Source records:
★ ★ ★ ★ ★
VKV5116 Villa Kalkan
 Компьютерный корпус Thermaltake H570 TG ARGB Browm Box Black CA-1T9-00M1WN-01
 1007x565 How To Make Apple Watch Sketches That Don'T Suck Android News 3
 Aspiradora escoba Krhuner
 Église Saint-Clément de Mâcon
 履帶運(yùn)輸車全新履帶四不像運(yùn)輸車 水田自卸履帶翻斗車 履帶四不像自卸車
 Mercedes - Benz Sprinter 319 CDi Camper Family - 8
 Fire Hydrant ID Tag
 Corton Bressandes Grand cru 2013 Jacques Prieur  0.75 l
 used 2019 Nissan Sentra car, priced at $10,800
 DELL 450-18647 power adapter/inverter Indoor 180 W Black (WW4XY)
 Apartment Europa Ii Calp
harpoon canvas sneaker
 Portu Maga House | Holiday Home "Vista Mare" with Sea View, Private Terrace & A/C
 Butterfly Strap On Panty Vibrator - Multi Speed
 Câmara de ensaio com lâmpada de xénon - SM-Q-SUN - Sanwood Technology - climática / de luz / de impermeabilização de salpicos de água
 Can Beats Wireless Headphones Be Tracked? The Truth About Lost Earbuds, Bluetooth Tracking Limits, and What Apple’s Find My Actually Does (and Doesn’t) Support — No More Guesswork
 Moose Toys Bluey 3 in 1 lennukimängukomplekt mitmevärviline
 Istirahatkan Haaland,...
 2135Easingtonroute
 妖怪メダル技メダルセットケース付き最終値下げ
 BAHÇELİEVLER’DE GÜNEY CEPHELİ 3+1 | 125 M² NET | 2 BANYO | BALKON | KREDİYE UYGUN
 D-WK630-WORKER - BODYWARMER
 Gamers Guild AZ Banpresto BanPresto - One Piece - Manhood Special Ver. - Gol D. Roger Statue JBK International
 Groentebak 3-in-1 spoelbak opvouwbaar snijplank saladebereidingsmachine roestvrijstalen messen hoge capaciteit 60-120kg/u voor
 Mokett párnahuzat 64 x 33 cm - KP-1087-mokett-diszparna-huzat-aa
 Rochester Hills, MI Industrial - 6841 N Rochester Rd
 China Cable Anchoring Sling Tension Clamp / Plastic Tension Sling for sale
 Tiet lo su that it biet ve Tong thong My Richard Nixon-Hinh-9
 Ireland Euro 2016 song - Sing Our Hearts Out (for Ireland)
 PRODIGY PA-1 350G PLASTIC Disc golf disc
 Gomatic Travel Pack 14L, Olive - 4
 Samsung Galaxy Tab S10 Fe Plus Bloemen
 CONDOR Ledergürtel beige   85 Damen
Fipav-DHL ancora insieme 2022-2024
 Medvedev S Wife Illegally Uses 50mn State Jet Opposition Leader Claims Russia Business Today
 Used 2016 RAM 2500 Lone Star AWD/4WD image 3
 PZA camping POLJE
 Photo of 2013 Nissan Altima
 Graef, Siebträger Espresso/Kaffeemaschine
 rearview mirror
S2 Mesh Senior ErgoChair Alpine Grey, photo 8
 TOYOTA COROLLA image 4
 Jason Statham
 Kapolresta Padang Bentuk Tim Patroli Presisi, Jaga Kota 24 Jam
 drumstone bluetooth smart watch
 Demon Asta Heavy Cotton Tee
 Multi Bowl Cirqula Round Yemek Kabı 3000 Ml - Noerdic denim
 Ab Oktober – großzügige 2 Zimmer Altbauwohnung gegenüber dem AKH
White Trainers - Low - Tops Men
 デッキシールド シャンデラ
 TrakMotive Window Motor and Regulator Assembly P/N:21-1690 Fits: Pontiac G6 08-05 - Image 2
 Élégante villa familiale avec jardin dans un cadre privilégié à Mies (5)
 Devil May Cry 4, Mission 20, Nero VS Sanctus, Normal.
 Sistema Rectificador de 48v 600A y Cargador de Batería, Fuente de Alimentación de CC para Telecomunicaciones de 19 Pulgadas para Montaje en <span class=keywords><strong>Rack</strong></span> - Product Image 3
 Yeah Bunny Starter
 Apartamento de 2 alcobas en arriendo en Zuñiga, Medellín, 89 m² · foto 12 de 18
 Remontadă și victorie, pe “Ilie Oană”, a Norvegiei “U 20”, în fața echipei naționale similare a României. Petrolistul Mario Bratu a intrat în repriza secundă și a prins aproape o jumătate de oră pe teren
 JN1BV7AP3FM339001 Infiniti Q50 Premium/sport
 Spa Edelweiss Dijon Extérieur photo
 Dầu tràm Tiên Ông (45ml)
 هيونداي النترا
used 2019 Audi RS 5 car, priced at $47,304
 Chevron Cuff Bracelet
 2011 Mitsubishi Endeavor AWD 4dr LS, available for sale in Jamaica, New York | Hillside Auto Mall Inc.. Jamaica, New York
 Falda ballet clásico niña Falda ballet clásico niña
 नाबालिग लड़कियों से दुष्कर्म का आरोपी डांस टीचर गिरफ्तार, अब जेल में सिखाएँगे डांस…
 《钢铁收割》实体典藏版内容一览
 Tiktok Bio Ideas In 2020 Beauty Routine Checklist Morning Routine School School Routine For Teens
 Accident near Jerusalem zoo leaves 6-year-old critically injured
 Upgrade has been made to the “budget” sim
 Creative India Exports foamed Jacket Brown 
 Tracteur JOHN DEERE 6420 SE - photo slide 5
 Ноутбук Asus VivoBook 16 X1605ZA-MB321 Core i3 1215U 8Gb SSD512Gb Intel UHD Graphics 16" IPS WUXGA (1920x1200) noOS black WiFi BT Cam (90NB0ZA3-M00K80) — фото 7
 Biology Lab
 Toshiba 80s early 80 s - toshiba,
★ ★ ★ ★ ★
YOUR ASSIGNMENT:
An unaltered transcription of all the data above is needed.

OUTPUT OF THE TASK:
VKV5116 Villa Kalkan
 Компьютерный корпус Thermaltake H570 TG ARGB Browm Box Black CA-1T9-00M1WN-01
 1007x565 How To Make Apple Watch Sketches That Don'T Suck Android News 3
 Aspiradora escoba Krhuner
 Église Saint-Clément de Mâcon
 履帶運(yùn)輸車全新履帶四不像運(yùn)輸車 水田自卸履帶翻斗車 履帶四不像自卸車
 Mercedes - Benz Sprinter 319 CDi Camper Family - 8
 Fire Hydrant ID Tag
 Corton Bressandes Grand cru 2013 Jacques Prieur  0.75 l
 used 2019 Nissan Sentra car, priced at $10,800
 DELL 450-18647 power adapter/inverter Indoor 180 W Black (WW4XY)
 Apartment Europa Ii Calp
harpoon canvas sneaker
 Portu Maga House | Holiday Home "Vista Mare" with Sea View, Private Terrace & A/C
 Butterfly Strap On Panty Vibrator - Multi Speed
 Câmara de ensaio com lâmpada de xénon - SM-Q-SUN - Sanwood Technology - climática / de luz / de impermeabilização de salpicos de água
 Can Beats Wireless Headphones Be Tracked? The Truth About Lost Earbuds, Bluetooth Tracking Limits, and What Apple’s Find My Actually Does (and Doesn’t) Support — No More Guesswork
 Moose Toys Bluey 3 in 1 lennukimängukomplekt mitmevärviline
 Istirahatkan Haaland,...
 2135Easingtonroute
 妖怪メダル技メダルセットケース付き最終値下げ
 BAHÇELİEVLER’DE GÜNEY CEPHELİ 3+1 | 125 M² NET | 2 BANYO | BALKON | KREDİYE UYGUN
 D-WK630-WORKER - BODYWARMER
 Gamers Guild AZ Banpresto BanPresto - One Piece - Manhood Special Ver. - Gol D. Roger Statue JBK International
 Groentebak 3-in-1 spoelbak opvouwbaar snijplank saladebereidingsmachine roestvrijstalen messen hoge capaciteit 60-120kg/u voor
 Mokett párnahuzat 64 x 33 cm - KP-1087-mokett-diszparna-huzat-aa
 Rochester Hills, MI Industrial - 6841 N Rochester Rd
 China Cable Anchoring Sling Tension Clamp / Plastic Tension Sling for sale
 Tiet lo su that it biet ve Tong thong My Richard Nixon-Hinh-9
 Ireland Euro 2016 song - Sing Our Hearts Out (for Ireland)
 PRODIGY PA-1 350G PLASTIC Disc golf disc
 Gomatic Travel Pack 14L, Olive - 4
 Samsung Galaxy Tab S10 Fe Plus Bloemen
 CONDOR Ledergürtel beige   85 Damen
Fipav-DHL ancora insieme 2022-2024
 Medvedev S Wife Illegally Uses 50mn State Jet Opposition Leader Claims Russia Business Today
 Used 2016 RAM 2500 Lone Star AWD/4WD image 3
 PZA camping POLJE
 Photo of 2013 Nissan Altima
 Graef, Siebträger Espresso/Kaffeemaschine
 rearview mirror
S2 Mesh Senior ErgoChair Alpine Grey, photo 8
 TOYOTA COROLLA image 4
 Jason Statham
 Kapolresta Padang Bentuk Tim Patroli Presisi, Jaga Kota 24 Jam
 drumstone bluetooth smart watch
 Demon Asta Heavy Cotton Tee
 Multi Bowl Cirqula Round Yemek Kabı 3000 Ml - Noerdic denim
 Ab Oktober – großzügige 2 Zimmer Altbauwohnung gegenüber dem AKH
White Trainers - Low - Tops Men
 デッキシールド シャンデラ
 TrakMotive Window Motor and Regulator Assembly P/N:21-1690 Fits: Pontiac G6 08-05 - Image 2
 Élégante villa familiale avec jardin dans un cadre privilégié à Mies (5)
 Devil May Cry 4, Mission 20, Nero VS Sanctus, Normal.
 Sistema Rectificador de 48v 600A y Cargador de Batería, Fuente de Alimentación de CC para Telecomunicaciones de 19 Pulgadas para Montaje en <span class=keywords><strong>Rack</strong></span> - Product Image 3
 Yeah Bunny Starter
 Apartamento de 2 alcobas en arriendo en Zuñiga, Medellín, 89 m² · foto 12 de 18
 Remontadă și victorie, pe “Ilie Oană”, a Norvegiei “U 20”, în fața echipei naționale similare a României. Petrolistul Mario Bratu a intrat în repriza secundă și a prins aproape o jumătate de oră pe teren
 JN1BV7AP3FM339001 Infiniti Q50 Premium/sport
 Spa Edelweiss Dijon Extérieur photo
 Dầu tràm Tiên Ông (45ml)
 هيونداي النترا
used 2019 Audi RS 5 car, priced at $47,304
 Chevron Cuff Bracelet
 2011 Mitsubishi Endeavor AWD 4dr LS, available for sale in Jamaica, New York | Hillside Auto Mall Inc.. Jamaica, New York
 Falda ballet clásico niña Falda ballet clásico niña
 नाबालिग लड़कियों से दुष्कर्म का आरोपी डांस टीचर गिरफ्तार, अब जेल में सिखाएँगे डांस…
 《钢铁收割》实体典藏版内容一览
 Tiktok Bio Ideas In 2020 Beauty Routine Checklist Morning Routine School School Routine For Teens
 Accident near Jerusalem zoo leaves 6-year-old critically injured
 Upgrade has been made to the “budget” sim
 Creative India Exports foamed Jacket Brown 
 Tracteur JOHN DEERE 6420 SE - photo slide 5
 Ноутбук Asus VivoBook 16 X1605ZA-MB321 Core i3 1215U 8Gb SSD512Gb Intel UHD Graphics 16" IPS WUXGA (1920x1200) noOS black WiFi BT Cam (90NB0ZA3-M00K80) — фото 7
 Biology Lab
 Toshiba 80s early 80 s - toshiba,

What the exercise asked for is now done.